We demonstrated that the benefits of invasive-procedure hospitals on nonfatal outcomes were largely explained by teaching status. In our statistical models, teaching status likely served as a proxy for an uncertain number of unmeasured process characteristics. One distinguishing process difference between teaching hospitals and invasive-procedure institutions was in their respective downstream processes of care after discharge from the index AMI admission. Patients admitted to teaching hospitals were more likely to be followed up by cardiac specialists after discharge from hospital, independent of whether hospitals had on-site revascularization facilities. Indeed, our subgroup analysis determined that the use of evidence-based therapies predicted lower rates of recurrent cardiac admissions and emergency department visits and accounted, albeit marginally, for some of the protective effects of teaching status on nonfatal outcomes. It is plausible that follow-up care is an important determinant of nonfatal outcomes after AMI. Although a relationship between outpatient care and morbidity outcomes after AMI is speculative, such a relationship has been demonstrated to exist in other disease-specific cohorts (eg, congestive heart failure).^27- 28 Moreover, at least one other study has noted an interaction among coronary intervention rates, on-site procedural capacity, and teaching status after AMI.²⁹ Most studies comparing hospitals with on-site revascularization facilities with those without have not adjusted for differences in teaching status or downstream processes of care.^2- 4,14

One noteworthy study limitation involves the lack of clinical detail specifically related to the initial infarct characteristics, postinfarct left ventricle function, and in-hospital pharmacological therapies. Although we adjusted for a number of clinical, institutional, and physician-related characteristics, we acknowledge that additional clinical and process measures, both during the index admission and following discharge, may have altered our results or may have helped explain why teaching status accounted for the morbidity advantages of invasive-procedure hospitals. The time-dependent covariate analysis incorporated conventional rather than hierarchical techniques. Accordingly, we caution against overinterpreting the results of our subgroup analysis. Nonetheless, the inability of procedures themselves to have accounted for hospital-related outcome differences was a finding independent of the type and number of variables entered into our statistical models. Furthermore, since hospital-associated outcomes varied according to a limited set of covariates, it seems unlikely that additional covariates would have changed our overall conclusions. Finally, our data were comprehensive, consecutive, and comprised patients with AMI that are highly representative of the Canadian population.

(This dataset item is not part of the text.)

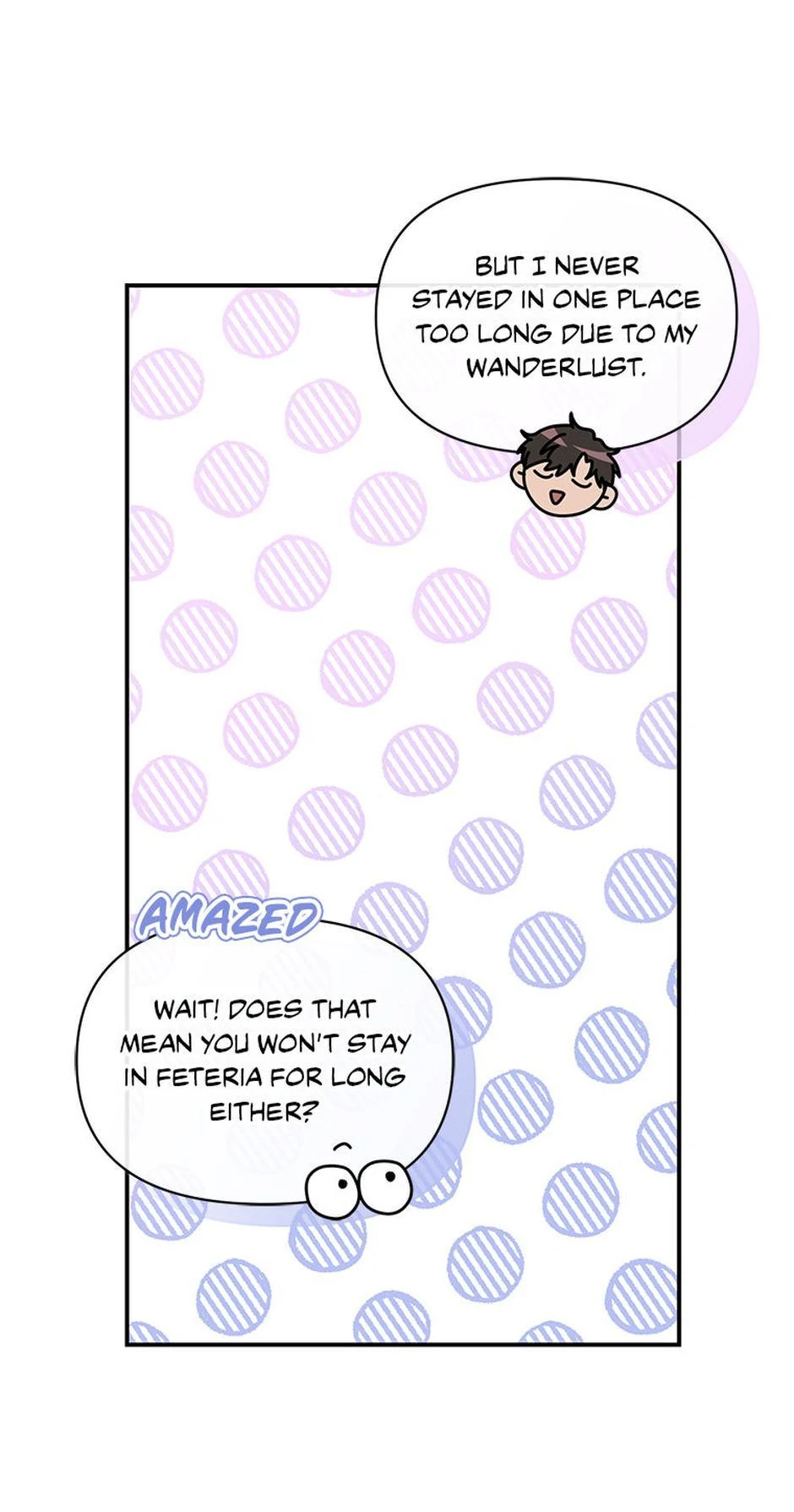 The Lady Bank Chapter 14 - page 51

In conclusion, our findings demonstrate that patients with AMI admitted to hospitals with on-site procedural capacity in Ontario had similar rates of mortality but lower rates of recurrent cardiac hospitalization and emergency care compared with hospitals without such capacity. Despite vastly different cardiac intervention rates, similarities and differences in outcomes could not be explained by variations in procedure rates themselves. We believe that these results may be applicable to many other interjurisdictional or interinstitutional comparisons. We suggest that misleading conclusions drawn from such studies be taken as examples of the Mark Twain fallacy, which occurs when outcomes are compared across practice sites or regions, with a narrow focus on a single ecological variable that apparently distinguishes the 2 settings without fully accounting for myriad patient and process-of-care variables that may actually explain any observed outcome differences.